WORK TO COMPLETE: Beginning with the line that contains "Titanium Dental Implants-Related", reproduce the remaining lines of the material exactly, up to and including the last one, but no pictures.

----------------

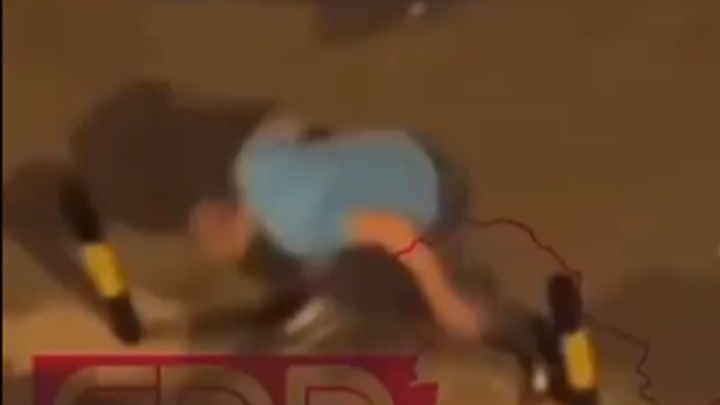 "Posekli su me po licu! Nisam provocirao, navijač sam Partizana": Oglasio se muškarac kome je Džons razbio flašu o glavu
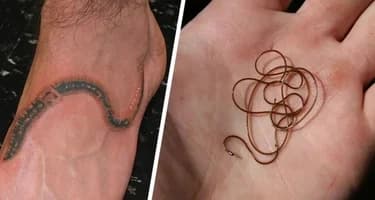 Российский турист привез из ЮВА под кожей мигрирующего паразита Российский турист привез из ЮВА под кожей мигрирующего паразита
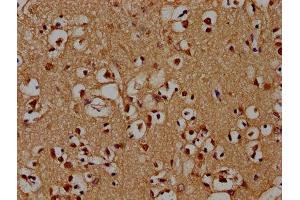Immunohistochemistry (IHC) image for anti-Proteasome (Prosome, Macropain) 26S Subunit, Non-ATPase, 4 (Psmd4) (AA 161-377), (Regulatory Subunit 4) antibody (ABIN7142212)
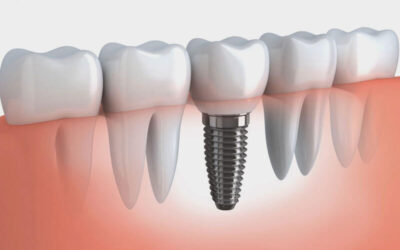 Titanium Dental Implants-Related Information to be Acquainted With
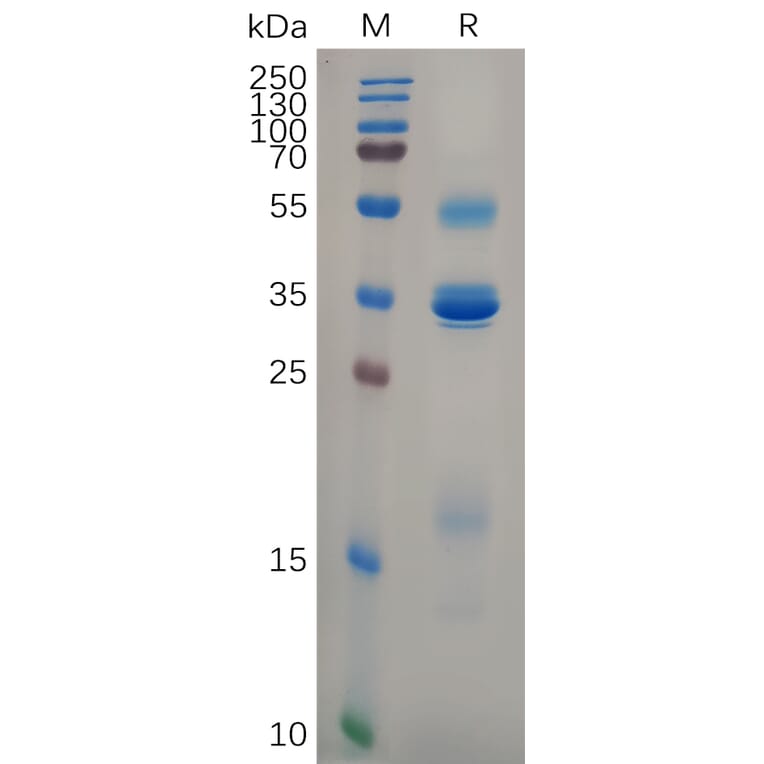 SDS-PAGE - Recombinant Human TSLP Protein (Fc Tag) (A318105) - Antibodies.com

----------------

ANSWER TO THIS PROBLEM:
 Titanium Dental Implants-Related Information to be Acquainted With
 SDS-PAGE - Recombinant Human TSLP Protein (Fc Tag) (A318105) - Antibodies.com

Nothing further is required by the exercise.